Source data

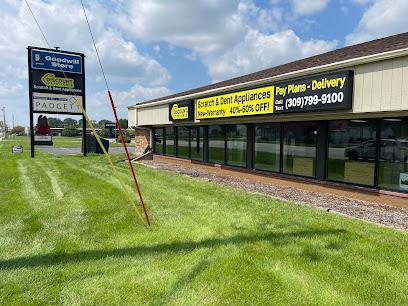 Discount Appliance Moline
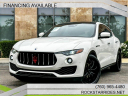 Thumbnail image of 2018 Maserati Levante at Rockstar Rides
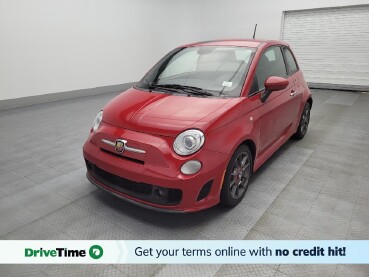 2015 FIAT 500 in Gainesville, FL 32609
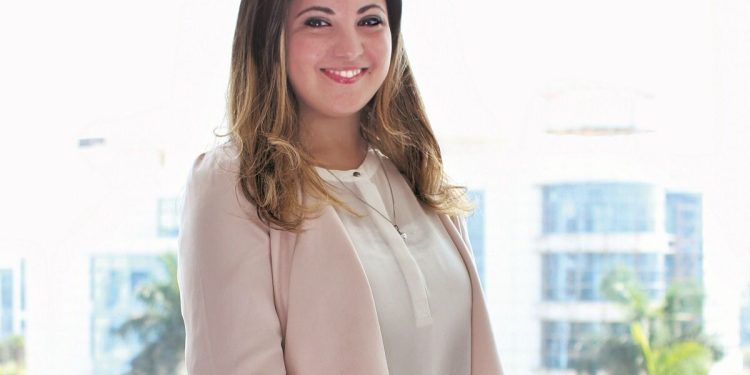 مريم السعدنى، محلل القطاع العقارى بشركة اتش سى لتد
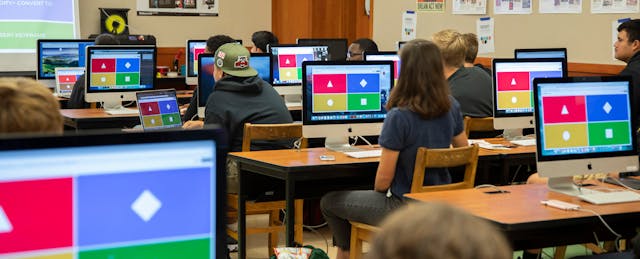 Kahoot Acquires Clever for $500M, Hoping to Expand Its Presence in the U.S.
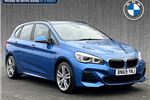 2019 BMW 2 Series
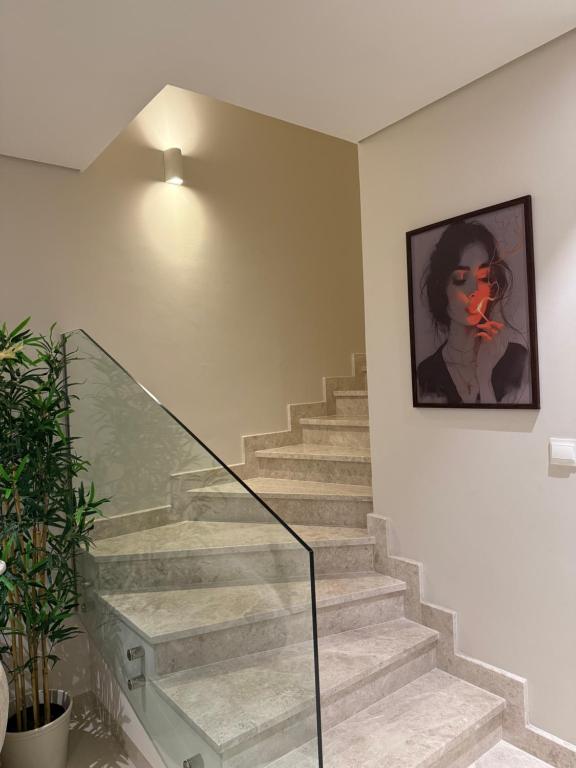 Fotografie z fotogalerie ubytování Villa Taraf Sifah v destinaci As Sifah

==

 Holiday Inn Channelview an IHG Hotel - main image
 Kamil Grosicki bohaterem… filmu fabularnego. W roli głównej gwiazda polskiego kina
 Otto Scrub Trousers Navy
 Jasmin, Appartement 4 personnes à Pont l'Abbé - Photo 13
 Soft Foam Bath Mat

* * *

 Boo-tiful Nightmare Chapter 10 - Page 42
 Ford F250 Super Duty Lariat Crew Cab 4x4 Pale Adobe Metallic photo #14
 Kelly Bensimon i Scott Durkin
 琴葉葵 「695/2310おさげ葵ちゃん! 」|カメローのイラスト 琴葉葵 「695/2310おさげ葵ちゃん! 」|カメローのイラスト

Task details
Retype only this portion of the data above: the line containing "Otto Scrub Trousers Navy", the line containing "Soft Foam Bath Mat", and all lines between them, exactly.

Answer space
 Otto Scrub Trousers Navy
 Jasmin, Appartement 4 personnes à Pont l'Abbé - Photo 13
 Soft Foam Bath Mat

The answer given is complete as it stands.